:: Excerpted records ::
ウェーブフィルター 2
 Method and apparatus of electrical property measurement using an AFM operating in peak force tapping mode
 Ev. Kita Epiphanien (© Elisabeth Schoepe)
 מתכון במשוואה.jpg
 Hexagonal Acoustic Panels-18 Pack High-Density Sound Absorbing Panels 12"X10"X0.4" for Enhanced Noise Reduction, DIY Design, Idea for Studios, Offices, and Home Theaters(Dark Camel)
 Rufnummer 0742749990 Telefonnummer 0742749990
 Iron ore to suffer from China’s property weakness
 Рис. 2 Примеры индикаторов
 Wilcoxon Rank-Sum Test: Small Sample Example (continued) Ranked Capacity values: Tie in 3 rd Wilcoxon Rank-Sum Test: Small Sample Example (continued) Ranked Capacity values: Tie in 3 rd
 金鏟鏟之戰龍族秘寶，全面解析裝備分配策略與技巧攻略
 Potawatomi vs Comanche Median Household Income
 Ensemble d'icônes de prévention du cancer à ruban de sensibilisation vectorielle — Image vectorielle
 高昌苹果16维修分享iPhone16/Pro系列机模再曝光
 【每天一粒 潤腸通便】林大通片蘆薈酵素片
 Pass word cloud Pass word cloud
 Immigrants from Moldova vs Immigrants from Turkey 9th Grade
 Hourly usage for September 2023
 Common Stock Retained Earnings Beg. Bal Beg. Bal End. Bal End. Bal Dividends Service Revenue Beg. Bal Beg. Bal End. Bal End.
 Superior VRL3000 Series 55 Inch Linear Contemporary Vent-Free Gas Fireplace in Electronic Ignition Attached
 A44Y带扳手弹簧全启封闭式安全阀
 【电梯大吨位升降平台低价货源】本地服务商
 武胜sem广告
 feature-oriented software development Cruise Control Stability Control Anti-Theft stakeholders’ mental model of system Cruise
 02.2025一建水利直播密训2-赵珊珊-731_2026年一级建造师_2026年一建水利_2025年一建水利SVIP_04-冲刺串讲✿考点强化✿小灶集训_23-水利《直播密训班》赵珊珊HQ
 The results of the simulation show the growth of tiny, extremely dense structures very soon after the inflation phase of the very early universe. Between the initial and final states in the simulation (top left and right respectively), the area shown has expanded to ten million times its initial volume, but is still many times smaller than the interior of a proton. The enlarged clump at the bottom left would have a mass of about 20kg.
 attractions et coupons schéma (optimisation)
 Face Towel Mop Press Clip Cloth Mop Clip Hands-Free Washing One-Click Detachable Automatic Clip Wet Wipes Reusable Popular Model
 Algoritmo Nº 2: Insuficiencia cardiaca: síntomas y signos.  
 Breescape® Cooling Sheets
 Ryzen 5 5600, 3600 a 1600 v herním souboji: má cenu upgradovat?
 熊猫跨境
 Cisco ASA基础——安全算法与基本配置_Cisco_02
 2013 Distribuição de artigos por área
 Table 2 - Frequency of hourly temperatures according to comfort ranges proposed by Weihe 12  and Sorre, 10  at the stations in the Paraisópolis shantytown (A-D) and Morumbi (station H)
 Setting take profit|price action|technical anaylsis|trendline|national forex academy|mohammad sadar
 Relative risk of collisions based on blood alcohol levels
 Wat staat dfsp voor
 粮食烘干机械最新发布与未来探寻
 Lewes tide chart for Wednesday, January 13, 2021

:: Exercise ::
Extract exactly and only the lines above from the line containing "Pass word cloud Pass word cloud" through the line containing "02.2025一建水利直播密", both end lines included.

:: Task output ::
 Pass word cloud Pass word cloud
 Immigrants from Moldova vs Immigrants from Turkey 9th Grade
 Hourly usage for September 2023
 Common Stock Retained Earnings Beg. Bal Beg. Bal End. Bal End. Bal Dividends Service Revenue Beg. Bal Beg. Bal End. Bal End.
 Superior VRL3000 Series 55 Inch Linear Contemporary Vent-Free Gas Fireplace in Electronic Ignition Attached
 A44Y带扳手弹簧全启封闭式安全阀
 【电梯大吨位升降平台低价货源】本地服务商
 武胜sem广告
 feature-oriented software development Cruise Control Stability Control Anti-Theft stakeholders’ mental model of system Cruise
 02.2025一建水利直播密训2-赵珊珊-731_2026年一级建造师_2026年一建水利_2025年一建水利SVIP_04-冲刺串讲✿考点强化✿小灶集训_23-水利《直播密训班》赵珊珊HQ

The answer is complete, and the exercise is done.